Ever since Pennsylvania’s casinos introduced table games in July, the numbers have tracked up, up and away. Gross table games revenues for the month of September were $36.8m, an increase of 6.5% over August’s $34.5m. Slots did even better, taking in $186.3m, an increase of 7.8% from the same period the previous year.
Meanwhile, over in Atlantic City, which used to be able to count on busloads of Pennsylvania seniors to pad their casinos’ bottom line, the phrase ‘insult to injury’ is being bandied about. New Jersey gaming regulators have announced they will be submitting three casinos – Atlantic City Hilton Casino Resort, Resorts Atlantic City and Trump Marina Hotel Casino – to ‘financial stability’ tests.

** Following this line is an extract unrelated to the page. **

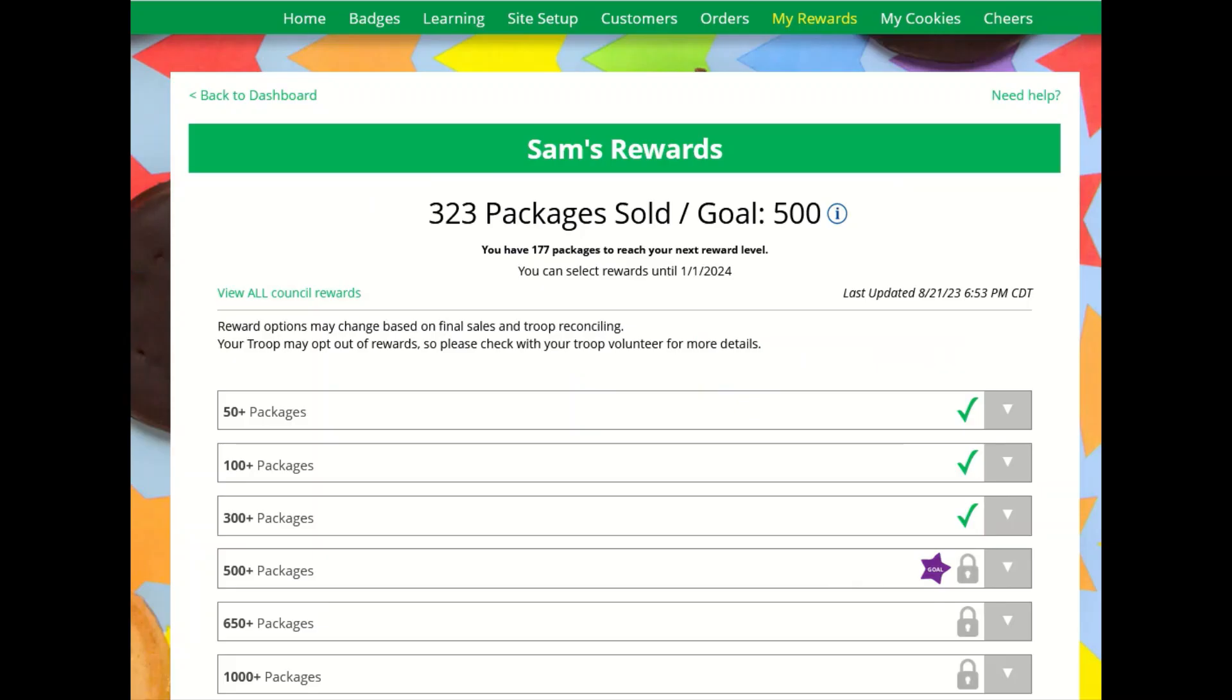At the top of the tab, Girl Scouts can see how many packages have been sold, her goal, and how many packages towards the next reward level. Girl Scouts can see the date listed to make her selections and a flyer of all the rewards available from her council.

So far this year, Resorts has posted an operating loss of $10.8m, the Hilton has lost $14.2m, and the Trump Marina is down $3.7m. All three facilities are struggling under heavy debt loads. At this point, nobody’s talking about revoking these facilities’ licenses, but the Casino Control Commission wants to keep closer tabs on their finances. So will this be a stitch in time, or the precursor to bankruptcy proceedings?
As a former Commission chair observed, “My goal was to be positive… I was looking for ways to vote yes, not to shut anyone down.” That’s the spirit. After all, these casinos are good enough, they’re smart enough and doggone it, people want to bet there. At least, they did until July, after which they decided they’d rather bet in Pennsylvania.